Last reviewed: December 2025
Worked Examples
Example 1: Permanent Magnet Specification
Example 2: MRI Field Strength Conversion
Background & Theory
The Gauss to Tesla Converter applies the following established principles and formulas. Unit conversion is the process of expressing a quantity in a different unit of measurement while preserving its physical meaning. At the foundation of modern measurement lies the International System of Units (SI), which defines seven base units: the meter for length, kilogram for mass, second for time, ampere for electric current, kelvin for thermodynamic temperature, mole for amount of substance, and candela for luminous intensity. All other units, called derived units, are defined as algebraic combinations of these seven. Dimensional analysis is the principal method for performing unit conversions. By treating units as algebraic quantities that can be multiplied, divided, and cancelled, a conversion factor chain allows a value expressed in one unit to be rewritten in another without altering its physical magnitude. For example, to convert 60 miles per hour to meters per second, one multiplies by a chain of conversion factors each equal to one: (1609.34 m / 1 mile) ร (1 hour / 3600 s). Metric prefixes enable compact expression of quantities across extreme ranges of magnitude. Standard prefixes span from nano (10^-9) through micro (10^-6) and milli (10^-3) up through kilo (10^3), mega (10^6), and giga (10^9), and beyond in both directions. These prefixes are strictly multiplicative and apply consistently to any SI base or derived unit. Temperature conversions require affine transformations rather than simple scaling. To convert Celsius to Fahrenheit the formula is ยฐF = (ยฐC ร 9/5) + 32, while the conversion to the absolute Kelvin scale is K = ยฐC + 273.15. These formulas reflect the different zero points and degree-size conventions of each scale. Significant figures govern how precision is preserved through calculations. A result should not express more precision than the least precise input value permits. In digital storage, IEEE and IEC standards distinguish between decimal prefixes (kilobyte = 1000 bytes) and binary prefixes (kibibyte = 1024 bytes), a distinction that has practical consequences for how storage capacity is reported by manufacturers versus operating systems. Unit coherence โ ensuring that all quantities in an equation share a consistent unit system โ is essential for obtaining correct results.
History
The history behind the Gauss to Tesla Converter traces back through the following developments. Human beings have been measuring and comparing quantities since before recorded history. The earliest known measurement units were body-based: the cubit (the distance from elbow to fingertip), the foot, the hand, and the digit. The furlong originated as the length of a furrow a team of oxen could plow without resting.

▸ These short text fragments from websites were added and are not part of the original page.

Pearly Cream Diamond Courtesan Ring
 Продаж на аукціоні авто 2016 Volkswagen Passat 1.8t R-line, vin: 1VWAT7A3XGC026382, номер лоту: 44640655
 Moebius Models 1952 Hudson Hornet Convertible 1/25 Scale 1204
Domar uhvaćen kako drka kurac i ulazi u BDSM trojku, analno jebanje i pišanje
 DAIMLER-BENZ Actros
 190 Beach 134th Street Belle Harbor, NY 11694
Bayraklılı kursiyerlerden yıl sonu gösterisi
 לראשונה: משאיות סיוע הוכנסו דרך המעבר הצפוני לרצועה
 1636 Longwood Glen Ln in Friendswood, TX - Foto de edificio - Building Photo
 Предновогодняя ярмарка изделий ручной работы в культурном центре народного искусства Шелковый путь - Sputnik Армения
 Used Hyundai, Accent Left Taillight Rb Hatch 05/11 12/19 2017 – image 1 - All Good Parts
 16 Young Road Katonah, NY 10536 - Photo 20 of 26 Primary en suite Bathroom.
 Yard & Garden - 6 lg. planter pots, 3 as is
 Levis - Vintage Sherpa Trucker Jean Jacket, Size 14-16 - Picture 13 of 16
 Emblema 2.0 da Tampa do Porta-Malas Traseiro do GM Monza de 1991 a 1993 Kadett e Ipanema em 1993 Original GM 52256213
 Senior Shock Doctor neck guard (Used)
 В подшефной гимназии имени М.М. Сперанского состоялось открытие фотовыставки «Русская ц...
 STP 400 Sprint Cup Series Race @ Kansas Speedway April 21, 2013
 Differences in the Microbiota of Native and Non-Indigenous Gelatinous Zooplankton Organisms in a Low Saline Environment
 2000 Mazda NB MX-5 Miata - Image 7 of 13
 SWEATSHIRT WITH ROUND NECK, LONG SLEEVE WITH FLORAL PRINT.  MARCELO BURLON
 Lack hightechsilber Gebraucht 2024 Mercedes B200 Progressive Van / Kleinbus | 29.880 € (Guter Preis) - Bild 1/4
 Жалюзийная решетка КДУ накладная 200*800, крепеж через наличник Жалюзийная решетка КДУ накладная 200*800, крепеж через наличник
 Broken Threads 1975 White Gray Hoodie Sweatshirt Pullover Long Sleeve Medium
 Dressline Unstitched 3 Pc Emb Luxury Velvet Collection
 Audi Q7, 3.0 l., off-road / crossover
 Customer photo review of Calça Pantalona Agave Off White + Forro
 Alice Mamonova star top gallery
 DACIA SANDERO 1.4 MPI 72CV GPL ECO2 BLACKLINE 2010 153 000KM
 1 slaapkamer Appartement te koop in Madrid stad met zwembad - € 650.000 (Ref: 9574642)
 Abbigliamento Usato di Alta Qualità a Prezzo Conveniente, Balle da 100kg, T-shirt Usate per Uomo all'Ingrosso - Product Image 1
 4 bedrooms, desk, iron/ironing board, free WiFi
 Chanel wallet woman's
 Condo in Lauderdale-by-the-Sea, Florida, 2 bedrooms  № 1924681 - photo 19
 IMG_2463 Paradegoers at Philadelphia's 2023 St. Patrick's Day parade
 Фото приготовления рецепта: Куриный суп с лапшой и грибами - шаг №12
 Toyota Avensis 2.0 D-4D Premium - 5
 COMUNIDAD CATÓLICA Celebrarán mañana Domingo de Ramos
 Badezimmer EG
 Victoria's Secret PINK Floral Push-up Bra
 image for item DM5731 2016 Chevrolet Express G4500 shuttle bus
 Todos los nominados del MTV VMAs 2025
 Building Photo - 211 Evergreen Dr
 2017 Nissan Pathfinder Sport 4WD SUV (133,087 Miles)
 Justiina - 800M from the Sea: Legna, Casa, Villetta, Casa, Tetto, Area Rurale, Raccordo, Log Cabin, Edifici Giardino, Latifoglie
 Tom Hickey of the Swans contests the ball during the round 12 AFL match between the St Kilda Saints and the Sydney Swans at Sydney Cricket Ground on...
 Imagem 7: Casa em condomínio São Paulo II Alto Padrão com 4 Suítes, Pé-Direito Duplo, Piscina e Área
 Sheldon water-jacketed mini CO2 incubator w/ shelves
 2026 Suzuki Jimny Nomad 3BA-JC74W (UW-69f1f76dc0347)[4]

These anthropomorphic standards were practical for local use but differed between regions and kingdoms, creating persistent difficulties in trade and construction. The ancient Egyptians standardized the royal cubit at approximately 52.4 centimeters and distributed calibrated granite rods to ensure consistency across building projects, including the pyramids. Roman engineers used the mile (mille passuum, one thousand double paces) and spread these standards throughout their empire via road networks. Despite these efforts, measurement diversity persisted across medieval Europe, hampering commerce. The French Revolution created political will for radical standardization. In 1795 France officially adopted the metric system, defining the meter as one ten-millionth of the distance from the equator to the North Pole along the Paris meridian. This gave the world its first fully decimal, rationally constructed measurement system. The Metre Convention of 1875 established the International Bureau of Weights and Measures (BIPM) in Sevres, France, creating a permanent international body to maintain physical artifact standards and coordinate global metrology. For over a century, the kilogram was defined by a platinum-iridium cylinder locked in a vault near Paris. In 1999, a stark demonstration of what unit inconsistency costs occurred when NASA's Mars Climate Orbiter was lost because one engineering team used pound-force seconds while another used newton seconds. The spacecraft entered the Martian atmosphere at the wrong angle and was destroyed, at a cost of 327 million dollars. In 2019 the SI underwent its most significant revision, redefining all seven base units in terms of fixed numerical values of fundamental physical constants such as the speed of light, Planck's constant, and the elementary charge. This eliminated any reliance on physical artifacts and made the measurement system permanently stable and universally reproducible.
Frequently Asked Questions
Formula
Tesla = Gauss x 0.0001
Where 1 Tesla equals exactly 10,000 Gauss. The conversion factor is 0.0001 (or 10^-4). This relationship comes from the defined conversion between CGS and SI electromagnetic units. To convert Tesla to Gauss, multiply by 10,000.
Worked Examples
Example 1: Permanent Magnet Specification
Problem: A neodymium magnet is rated at 12,500 gauss surface field. Convert to tesla and millitesla.
Solution: Tesla = Gauss x 0.0001\nTesla = 12,500 x 0.0001\nTesla = 1.25 T\n\nMillitesla = Gauss x 0.1\nMillitesla = 12,500 x 0.1 = 1,250 mT\n\nMicrotesla = 12,500 x 100 = 1,250,000 uT
Result: 12,500 Gauss = 1.25 Tesla = 1,250 mT
Example 2: MRI Field Strength Conversion
Problem: A hospital MRI machine operates at 3 Tesla. Express this in gauss.
Solution: Gauss = Tesla / 0.0001\nGauss = 3 / 0.0001\nGauss = 30,000 Gauss\n\nThis is 30 kilogauss, which is approximately 60,000 times stronger than Earth magnetic field.\nA/m = 30,000 x 79.5775 = 2,387,325 A/m
Result: 3 Tesla = 30,000 Gauss = 30 kG
Frequently Asked Questions
What is a gauss and how is it used to measure magnetic fields?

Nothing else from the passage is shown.